(Short text fragments from websites)
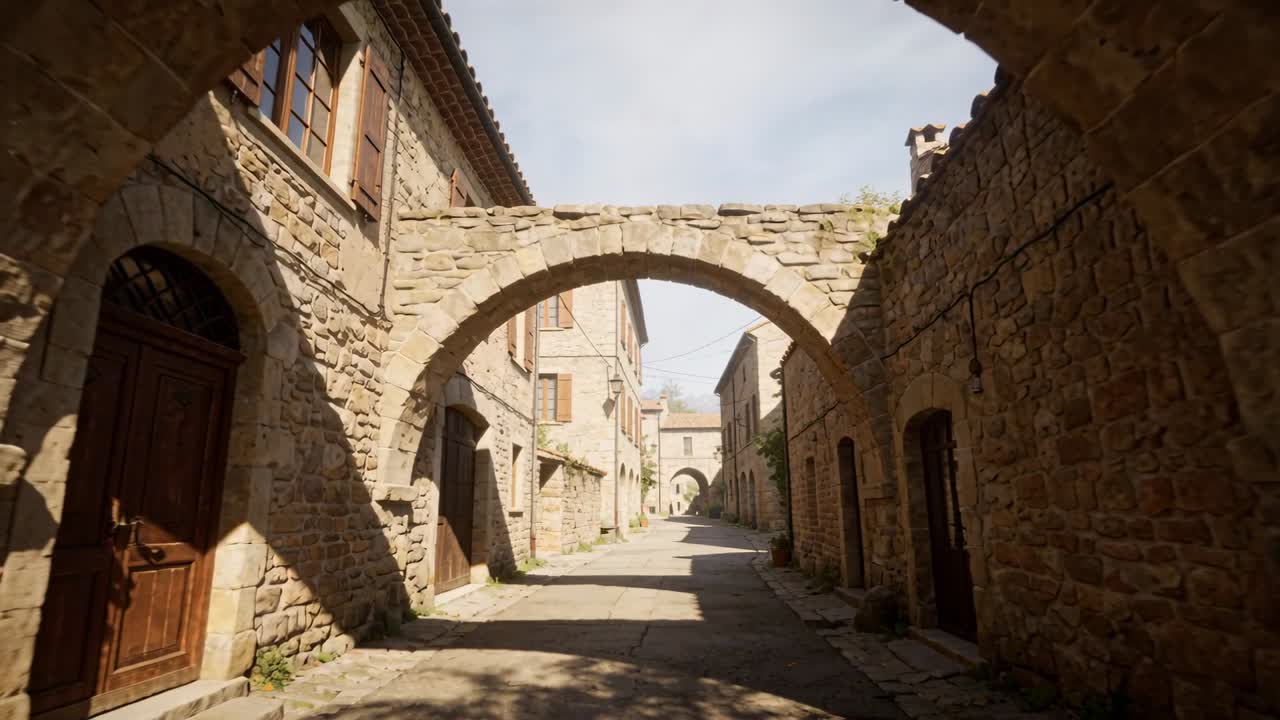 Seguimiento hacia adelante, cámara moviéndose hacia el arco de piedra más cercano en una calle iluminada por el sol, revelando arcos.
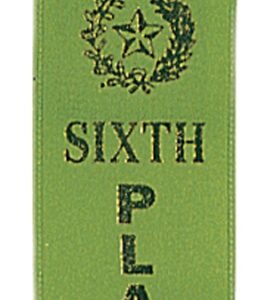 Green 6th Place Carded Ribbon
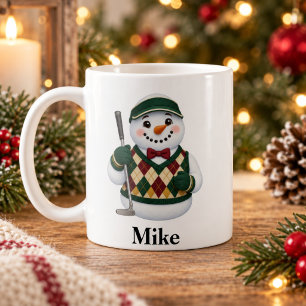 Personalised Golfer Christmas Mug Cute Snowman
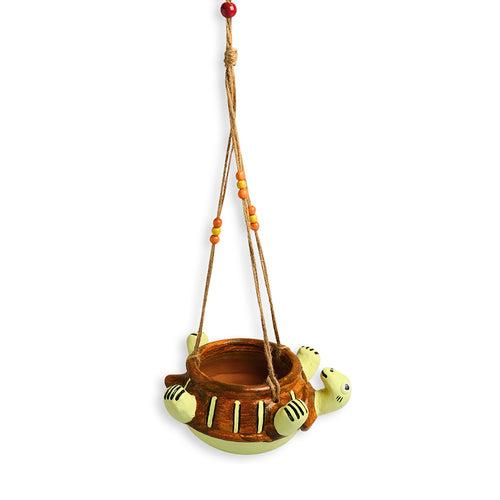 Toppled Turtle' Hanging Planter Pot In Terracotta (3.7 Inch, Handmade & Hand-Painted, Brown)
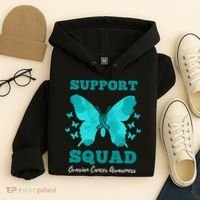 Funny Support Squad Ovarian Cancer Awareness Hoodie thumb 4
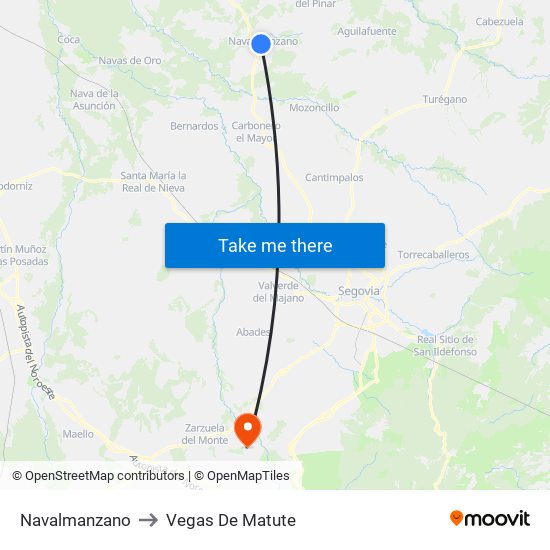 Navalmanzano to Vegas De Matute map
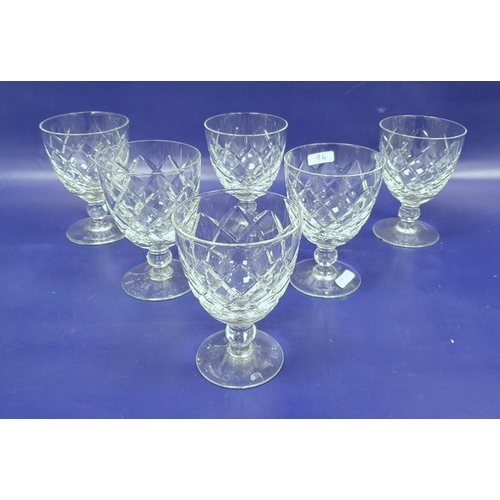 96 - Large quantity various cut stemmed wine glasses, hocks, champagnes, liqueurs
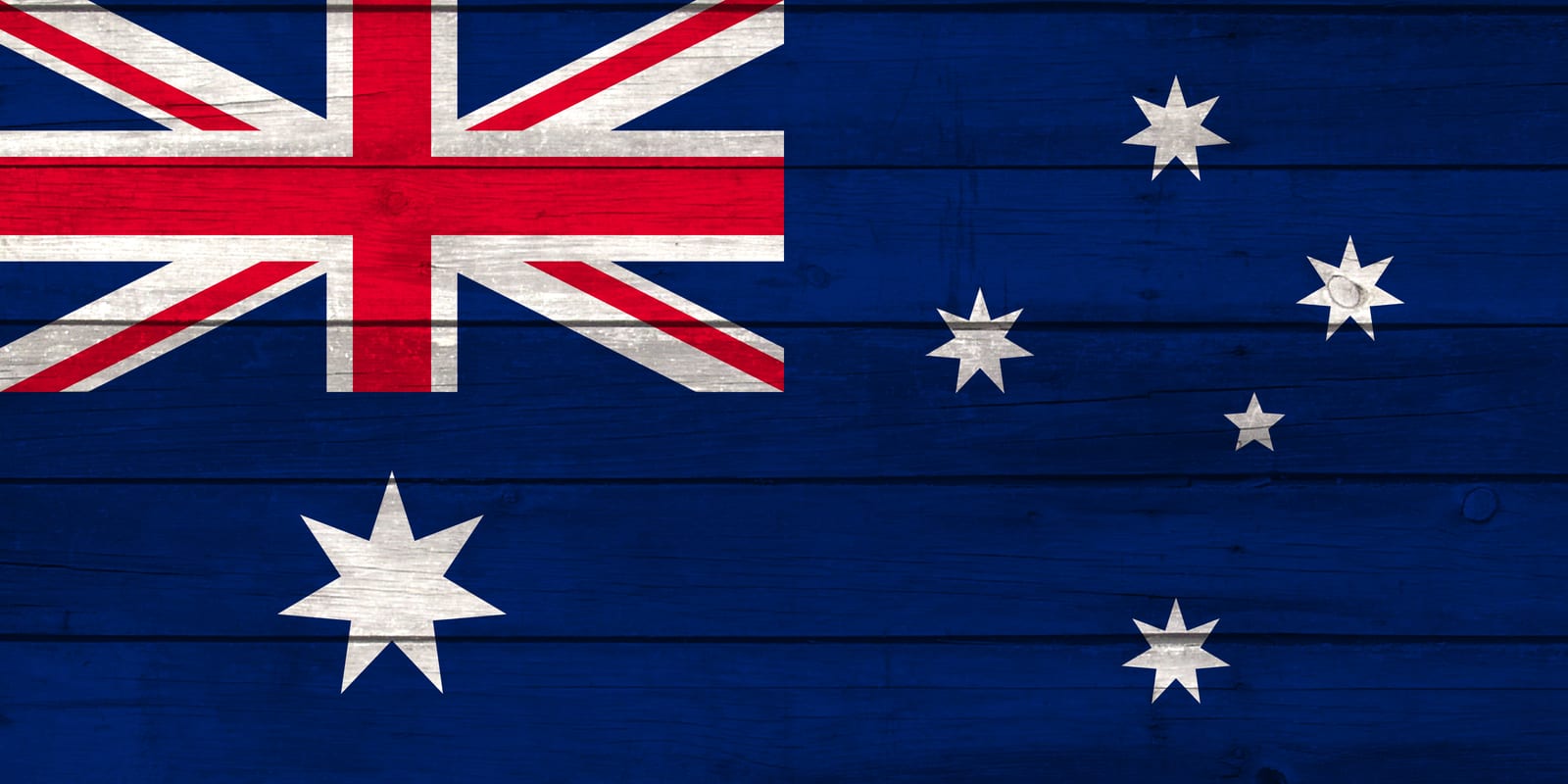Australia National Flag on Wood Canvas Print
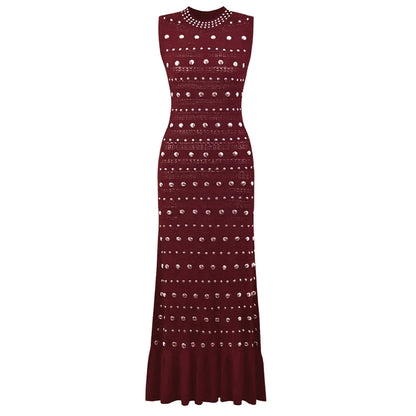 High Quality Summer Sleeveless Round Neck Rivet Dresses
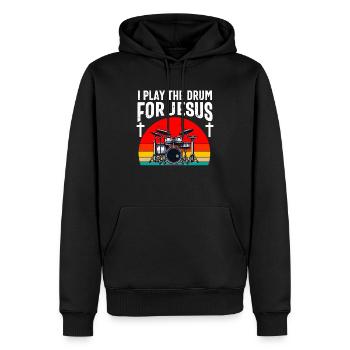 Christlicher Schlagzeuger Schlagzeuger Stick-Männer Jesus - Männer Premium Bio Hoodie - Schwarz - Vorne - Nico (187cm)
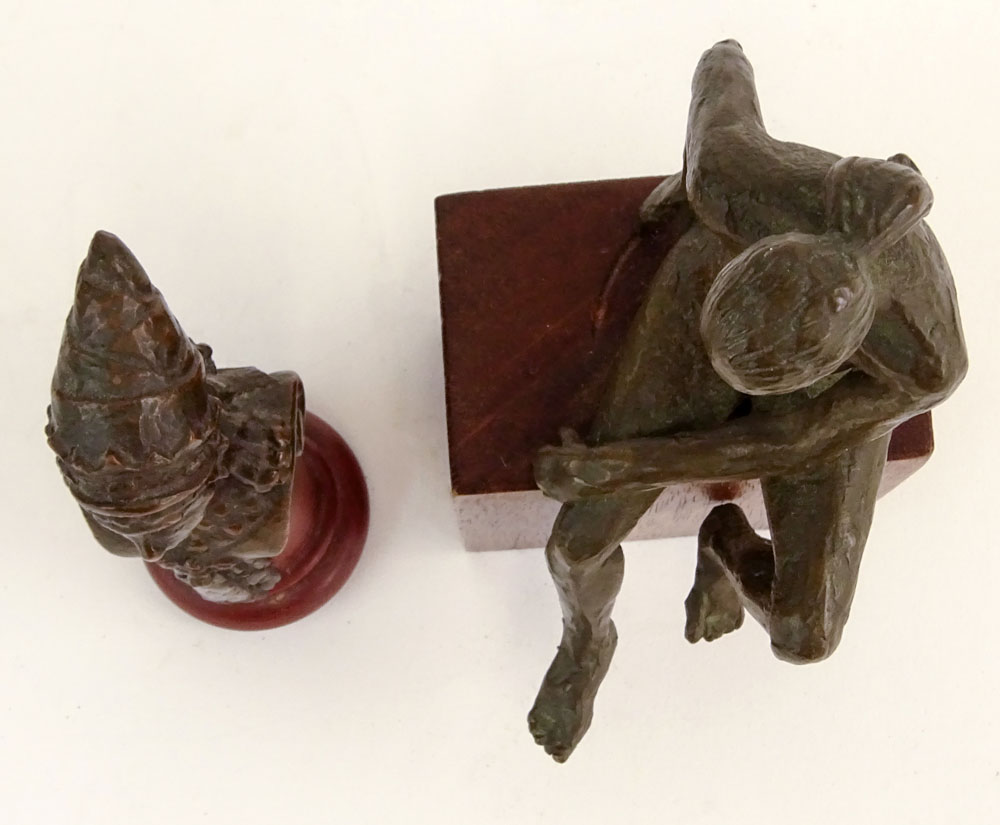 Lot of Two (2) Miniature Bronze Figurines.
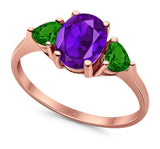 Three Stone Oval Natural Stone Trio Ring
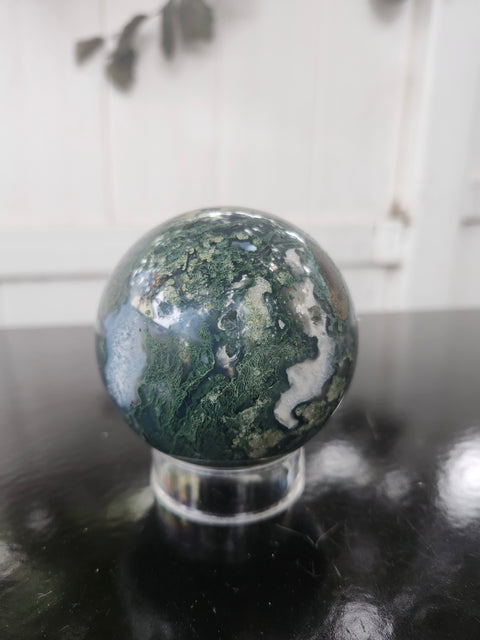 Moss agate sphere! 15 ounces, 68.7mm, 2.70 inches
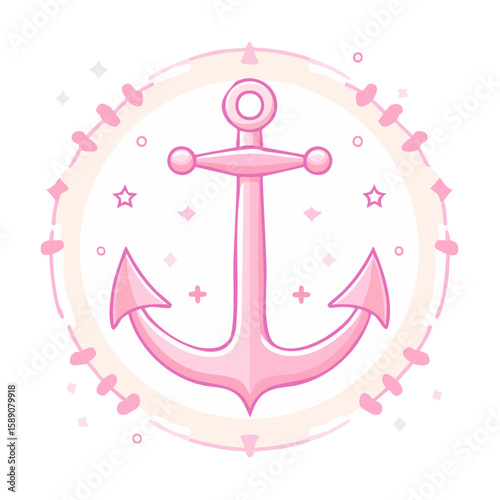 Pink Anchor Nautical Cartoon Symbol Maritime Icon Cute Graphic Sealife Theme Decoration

Your task |
From the first line to the last, output the data exactly, without the pictures.

Task result |
 Seguimiento hacia adelante, cámara moviéndose hacia el arco de piedra más cercano en una calle iluminada por el sol, revelando arcos.
 Green 6th Place Carded Ribbon
 Personalised Golfer Christmas Mug Cute Snowman
 Toppled Turtle' Hanging Planter Pot In Terracotta (3.7 Inch, Handmade & Hand-Painted, Brown)
 Funny Support Squad Ovarian Cancer Awareness Hoodie thumb 4
 Navalmanzano to Vegas De Matute map
 96 - Large quantity various cut stemmed wine glasses, hocks, champagnes, liqueurs
Australia National Flag on Wood Canvas Print
 High Quality Summer Sleeveless Round Neck Rivet Dresses
 Christlicher Schlagzeuger Schlagzeuger Stick-Männer Jesus - Männer Premium Bio Hoodie - Schwarz - Vorne - Nico (187cm)
 Lot of Two (2) Miniature Bronze Figurines.
 Three Stone Oval Natural Stone Trio Ring
 Moss agate sphere! 15 ounces, 68.7mm, 2.70 inches
 Pink Anchor Nautical Cartoon Symbol Maritime Icon Cute Graphic Sealife Theme Decoration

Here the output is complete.